Brief.
Find the line in the entries below that contains "panerai luminor watch for sale". Repeat it exactly, and every line after it through the line that contains "PressNSnap and Accessories Basic Die Set".

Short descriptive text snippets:
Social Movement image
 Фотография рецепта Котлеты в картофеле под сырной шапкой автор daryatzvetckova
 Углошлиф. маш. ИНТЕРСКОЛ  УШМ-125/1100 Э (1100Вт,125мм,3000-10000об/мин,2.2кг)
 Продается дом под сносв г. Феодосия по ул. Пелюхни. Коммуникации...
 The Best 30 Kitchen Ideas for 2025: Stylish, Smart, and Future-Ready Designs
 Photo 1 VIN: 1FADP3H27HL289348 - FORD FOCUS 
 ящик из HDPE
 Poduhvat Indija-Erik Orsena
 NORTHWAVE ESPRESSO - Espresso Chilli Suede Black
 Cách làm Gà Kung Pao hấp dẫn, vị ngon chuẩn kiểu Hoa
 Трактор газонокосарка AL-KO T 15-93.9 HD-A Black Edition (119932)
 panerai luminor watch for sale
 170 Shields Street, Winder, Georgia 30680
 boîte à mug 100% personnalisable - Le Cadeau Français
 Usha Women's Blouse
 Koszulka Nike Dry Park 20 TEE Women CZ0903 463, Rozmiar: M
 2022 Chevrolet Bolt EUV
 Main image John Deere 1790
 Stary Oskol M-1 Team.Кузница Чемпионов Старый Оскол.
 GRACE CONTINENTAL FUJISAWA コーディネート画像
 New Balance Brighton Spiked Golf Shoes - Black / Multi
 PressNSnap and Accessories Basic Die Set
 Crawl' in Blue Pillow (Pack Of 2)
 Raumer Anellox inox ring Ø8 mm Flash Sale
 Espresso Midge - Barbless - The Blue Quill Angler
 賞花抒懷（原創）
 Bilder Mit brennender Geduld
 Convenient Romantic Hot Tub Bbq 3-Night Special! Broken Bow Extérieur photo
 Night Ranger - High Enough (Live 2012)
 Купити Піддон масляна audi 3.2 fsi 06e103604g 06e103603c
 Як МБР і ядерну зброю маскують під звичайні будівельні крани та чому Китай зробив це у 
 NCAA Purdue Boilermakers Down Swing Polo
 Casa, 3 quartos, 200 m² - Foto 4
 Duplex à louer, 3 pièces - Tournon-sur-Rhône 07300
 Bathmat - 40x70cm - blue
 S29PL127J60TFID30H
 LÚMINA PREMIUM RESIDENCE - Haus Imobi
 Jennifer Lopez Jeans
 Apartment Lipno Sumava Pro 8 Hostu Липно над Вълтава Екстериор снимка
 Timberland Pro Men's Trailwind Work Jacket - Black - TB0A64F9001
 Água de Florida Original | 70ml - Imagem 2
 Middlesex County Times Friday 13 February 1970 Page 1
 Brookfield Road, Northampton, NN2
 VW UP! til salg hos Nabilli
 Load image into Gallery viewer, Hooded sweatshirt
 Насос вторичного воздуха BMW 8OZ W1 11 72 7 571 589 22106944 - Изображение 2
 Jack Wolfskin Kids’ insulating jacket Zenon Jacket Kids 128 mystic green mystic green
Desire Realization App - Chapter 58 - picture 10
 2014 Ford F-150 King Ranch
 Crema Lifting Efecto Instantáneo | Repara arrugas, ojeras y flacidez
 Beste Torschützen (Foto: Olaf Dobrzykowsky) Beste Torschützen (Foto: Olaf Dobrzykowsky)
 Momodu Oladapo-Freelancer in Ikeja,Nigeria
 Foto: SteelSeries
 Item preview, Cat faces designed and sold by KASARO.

Output.
 panerai luminor watch for sale
 170 Shields Street, Winder, Georgia 30680
 boîte à mug 100% personnalisable - Le Cadeau Français
 Usha Women's Blouse
 Koszulka Nike Dry Park 20 TEE Women CZ0903 463, Rozmiar: M
 2022 Chevrolet Bolt EUV
 Main image John Deere 1790
 Stary Oskol M-1 Team.Кузница Чемпионов Старый Оскол.
 GRACE CONTINENTAL FUJISAWA コーディネート画像
 New Balance Brighton Spiked Golf Shoes - Black / Multi
 PressNSnap and Accessories Basic Die Set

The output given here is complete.